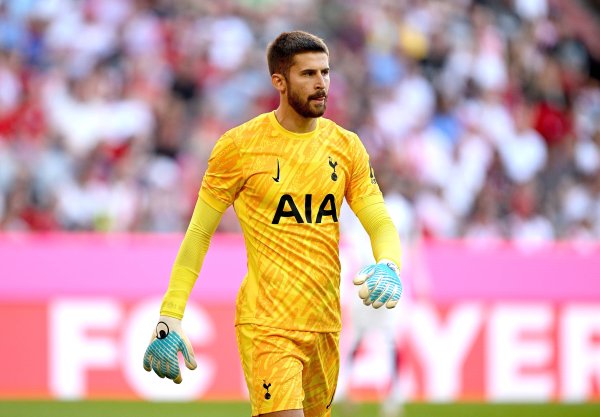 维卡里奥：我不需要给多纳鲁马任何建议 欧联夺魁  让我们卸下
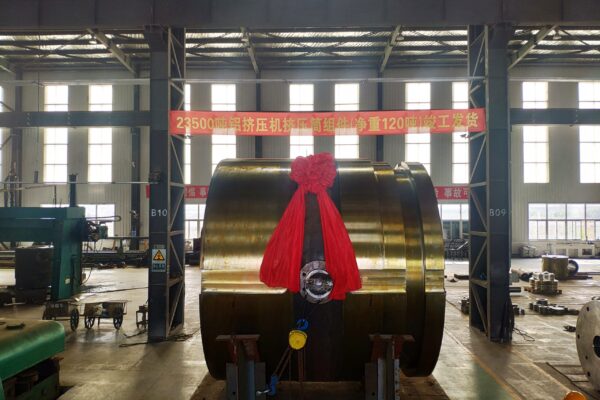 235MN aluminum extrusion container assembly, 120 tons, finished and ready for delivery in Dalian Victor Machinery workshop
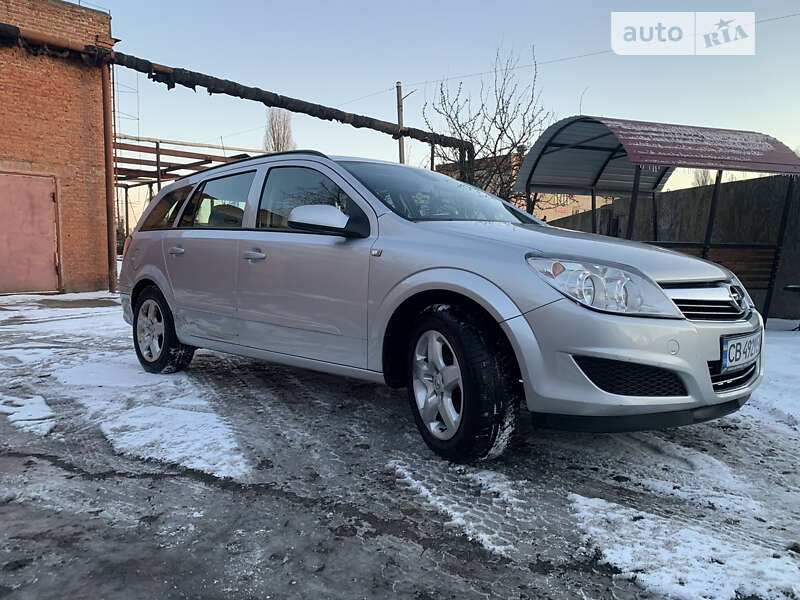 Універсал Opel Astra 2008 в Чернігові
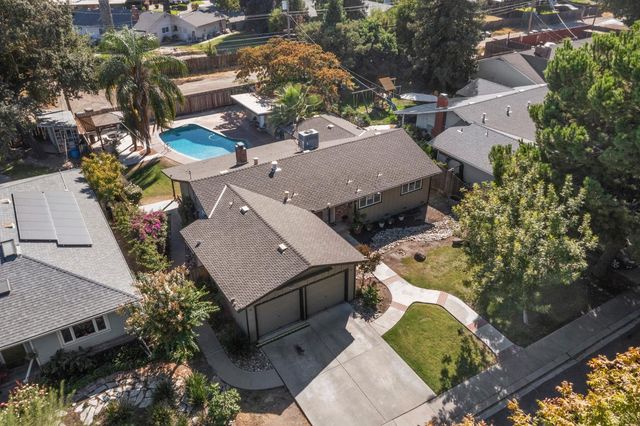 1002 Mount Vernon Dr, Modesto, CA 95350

▶ **TASK ITEM**: A verbatim copy of the listing is required, with all pictures left out.

▶ **OUTPUT FOR THIS TASK**:
 维卡里奥：我不需要给多纳鲁马任何建议 欧联夺魁  让我们卸下
 235MN aluminum extrusion container assembly, 120 tons, finished and ready for delivery in Dalian Victor Machinery workshop
 Універсал Opel Astra 2008 в Чернігові
 1002 Mount Vernon Dr, Modesto, CA 95350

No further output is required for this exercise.